> _Task item_: Among the lines below, output only those between the line holding "Punk Style Handsome" and the line holding "GROHE 23432000 - Baterie", inclusive, exactly as written and with no pictures.

> _Working data_:

"""

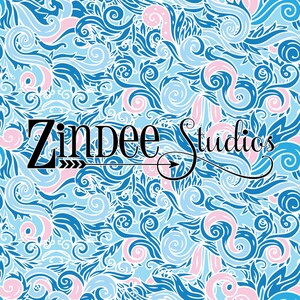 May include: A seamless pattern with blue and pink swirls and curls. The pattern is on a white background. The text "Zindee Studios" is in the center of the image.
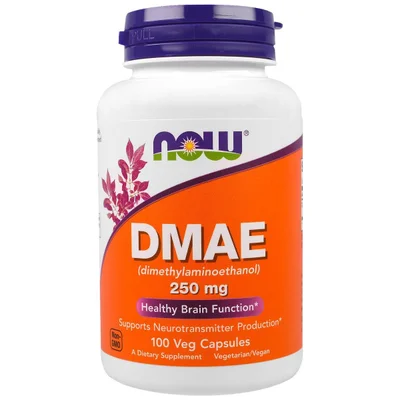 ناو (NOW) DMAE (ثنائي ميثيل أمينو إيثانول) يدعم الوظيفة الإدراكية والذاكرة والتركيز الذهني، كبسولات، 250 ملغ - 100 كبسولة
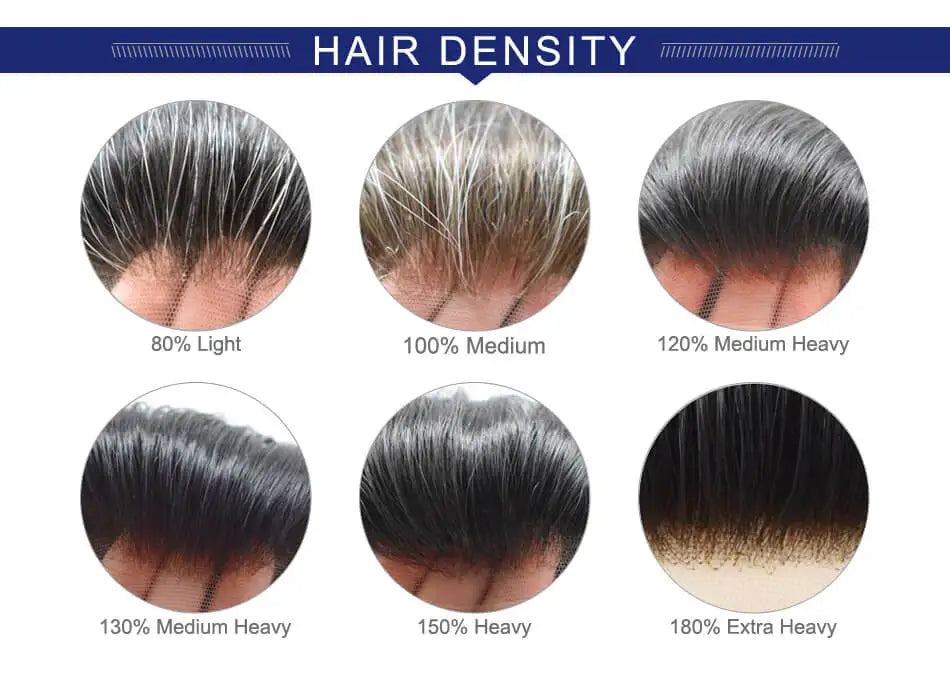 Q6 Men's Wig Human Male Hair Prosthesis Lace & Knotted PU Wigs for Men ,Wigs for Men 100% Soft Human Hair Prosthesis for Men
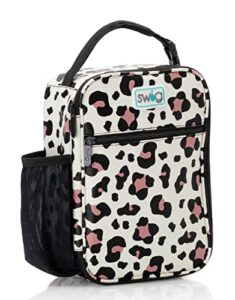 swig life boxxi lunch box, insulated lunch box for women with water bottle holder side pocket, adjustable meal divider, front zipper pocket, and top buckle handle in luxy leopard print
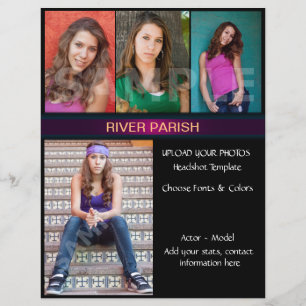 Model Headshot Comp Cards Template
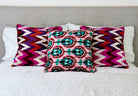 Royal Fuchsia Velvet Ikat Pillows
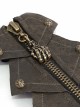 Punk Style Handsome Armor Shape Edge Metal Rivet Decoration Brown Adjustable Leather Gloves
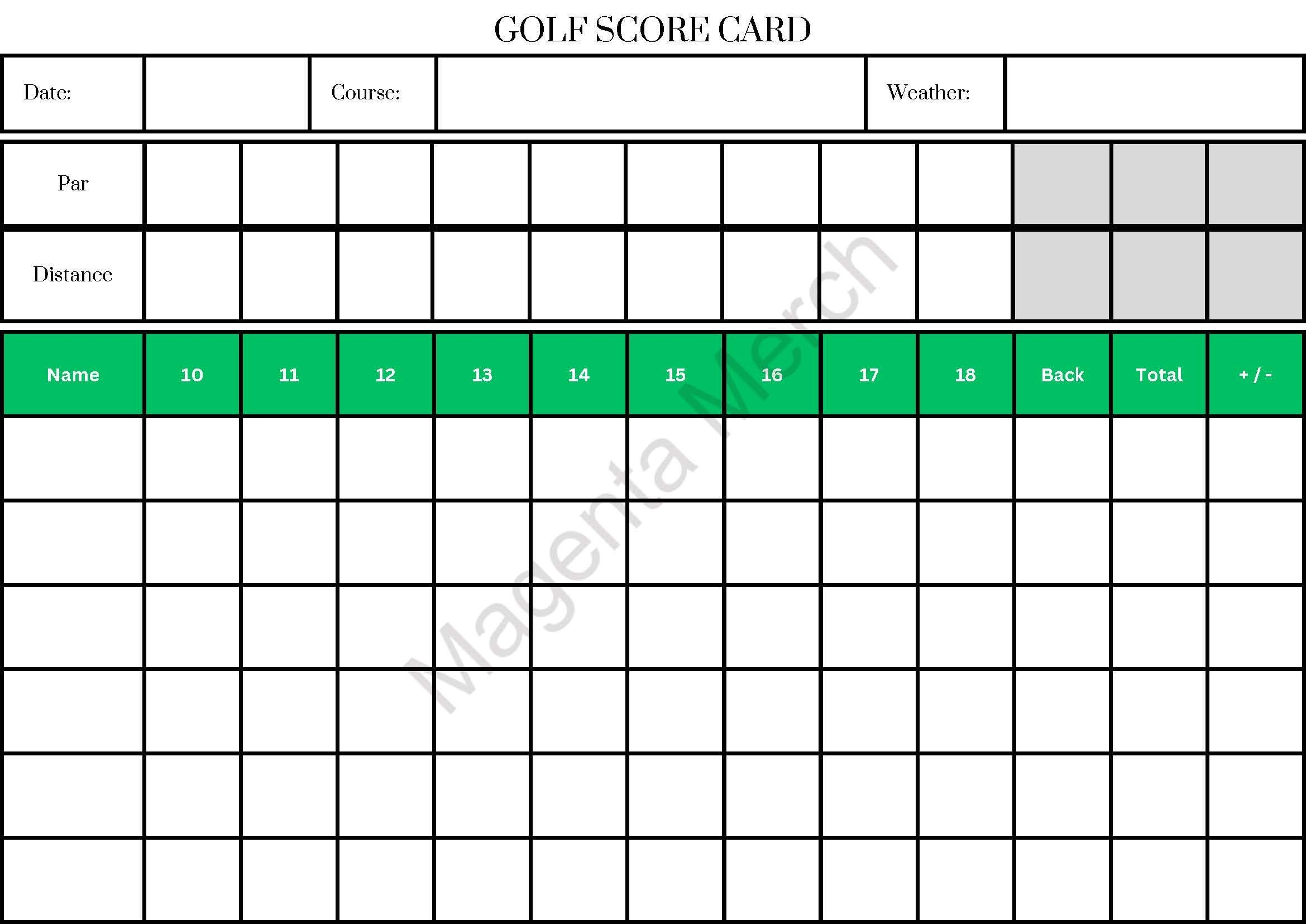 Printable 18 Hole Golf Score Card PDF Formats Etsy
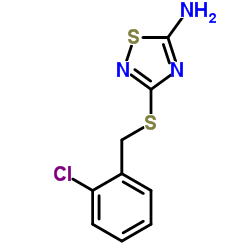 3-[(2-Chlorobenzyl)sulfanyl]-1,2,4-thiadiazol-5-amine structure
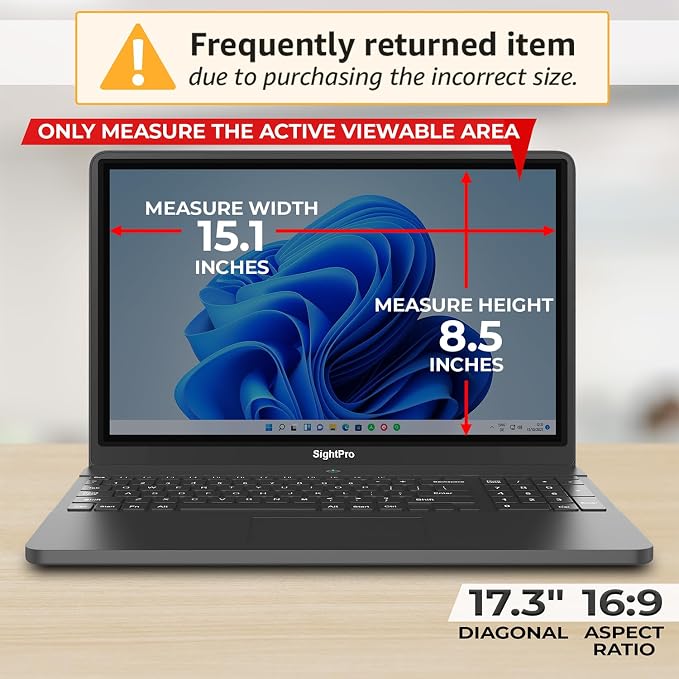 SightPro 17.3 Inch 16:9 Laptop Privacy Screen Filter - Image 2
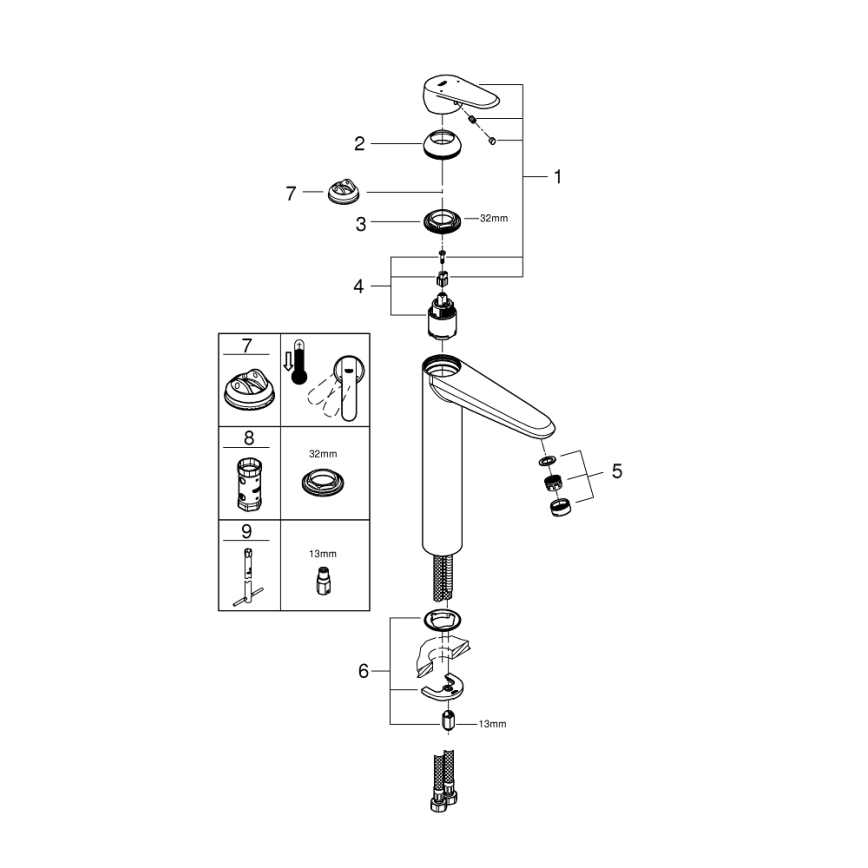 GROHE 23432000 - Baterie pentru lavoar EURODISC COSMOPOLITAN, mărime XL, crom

"""
"""

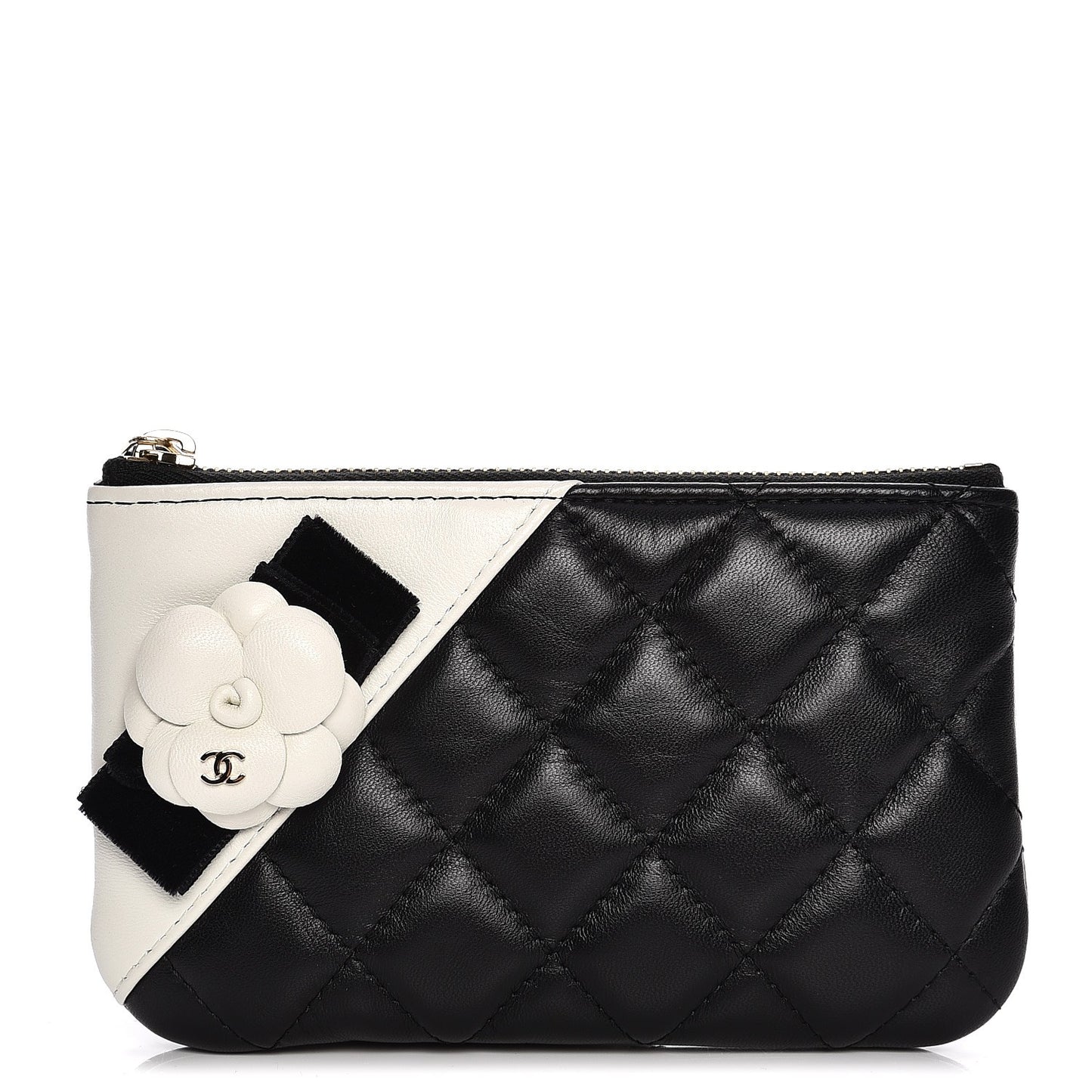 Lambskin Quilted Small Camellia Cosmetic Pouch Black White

"""
"""

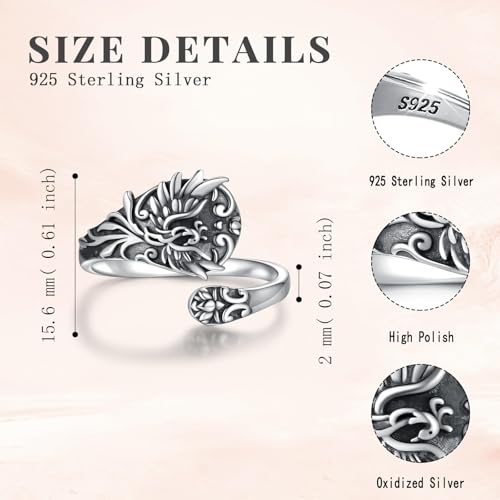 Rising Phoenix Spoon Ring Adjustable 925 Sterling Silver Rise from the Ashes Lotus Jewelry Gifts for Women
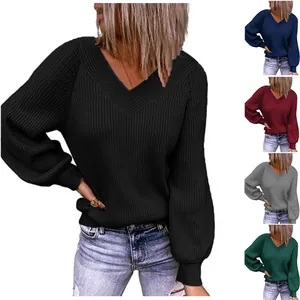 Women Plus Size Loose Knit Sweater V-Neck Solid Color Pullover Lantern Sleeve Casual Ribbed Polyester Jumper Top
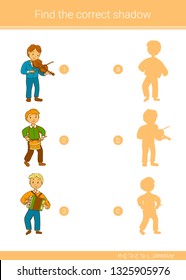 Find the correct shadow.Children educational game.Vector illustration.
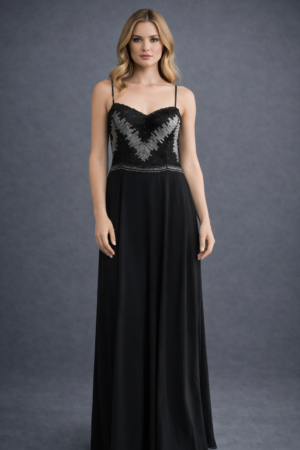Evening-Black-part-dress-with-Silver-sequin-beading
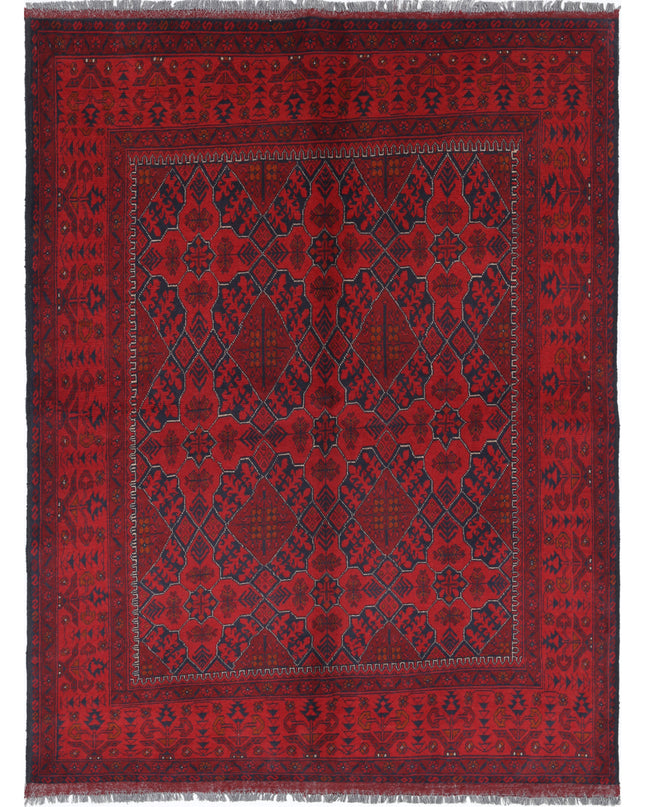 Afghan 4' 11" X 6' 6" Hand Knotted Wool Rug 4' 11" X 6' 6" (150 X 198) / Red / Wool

"""

> _Exercise answer_:
 Punk Style Handsome Armor Shape Edge Metal Rivet Decoration Brown Adjustable Leather Gloves
 Printable 18 Hole Golf Score Card PDF Formats Etsy
 3-[(2-Chlorobenzyl)sulfanyl]-1,2,4-thiadiazol-5-amine structure
 SightPro 17.3 Inch 16:9 Laptop Privacy Screen Filter - Image 2
 GROHE 23432000 - Baterie pentru lavoar EURODISC COSMOPOLITAN, mărime XL, crom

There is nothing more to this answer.